=== Section Start ===

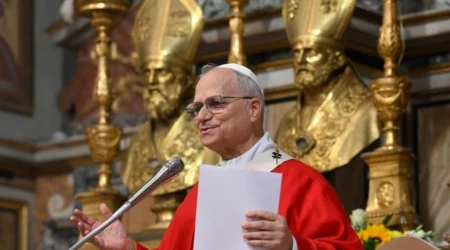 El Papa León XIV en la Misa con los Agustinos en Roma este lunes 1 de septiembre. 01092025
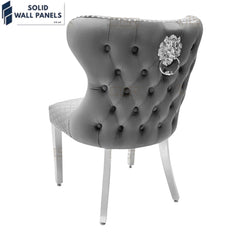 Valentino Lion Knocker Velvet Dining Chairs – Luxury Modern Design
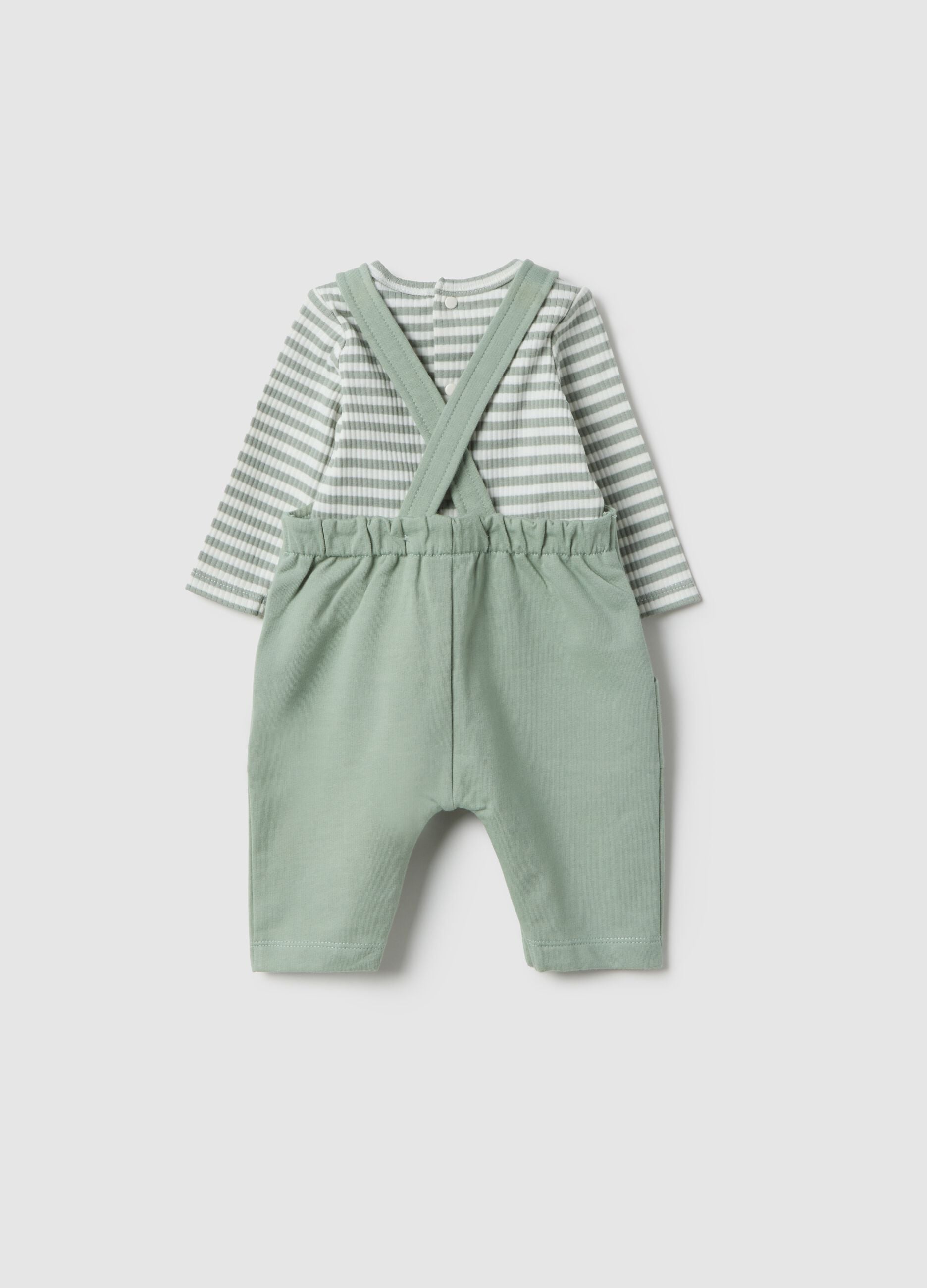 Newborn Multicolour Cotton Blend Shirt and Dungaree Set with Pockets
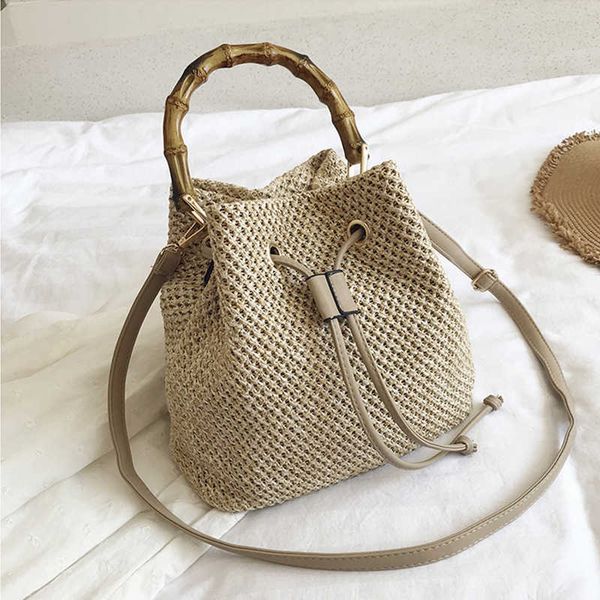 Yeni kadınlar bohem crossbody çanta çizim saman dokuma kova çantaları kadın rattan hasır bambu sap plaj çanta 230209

=== Section End ===
=== Section Start ===

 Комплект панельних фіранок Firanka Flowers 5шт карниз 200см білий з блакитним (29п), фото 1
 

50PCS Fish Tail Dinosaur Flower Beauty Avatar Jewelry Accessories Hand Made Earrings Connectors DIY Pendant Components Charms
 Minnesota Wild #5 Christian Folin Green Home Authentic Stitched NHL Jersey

=== Section End ===

__Task__. Reproduce verbatim only the segment of the listing bounded by the line containing "50PCS Fish Tail" and the line containing "Minnesota Wild #5", with both boundary lines included.

__Solution to this exercise__.
50PCS Fish Tail Dinosaur Flower Beauty Avatar Jewelry Accessories Hand Made Earrings Connectors DIY Pendant Components Charms
 Minnesota Wild #5 Christian Folin Green Home Authentic Stitched NHL Jersey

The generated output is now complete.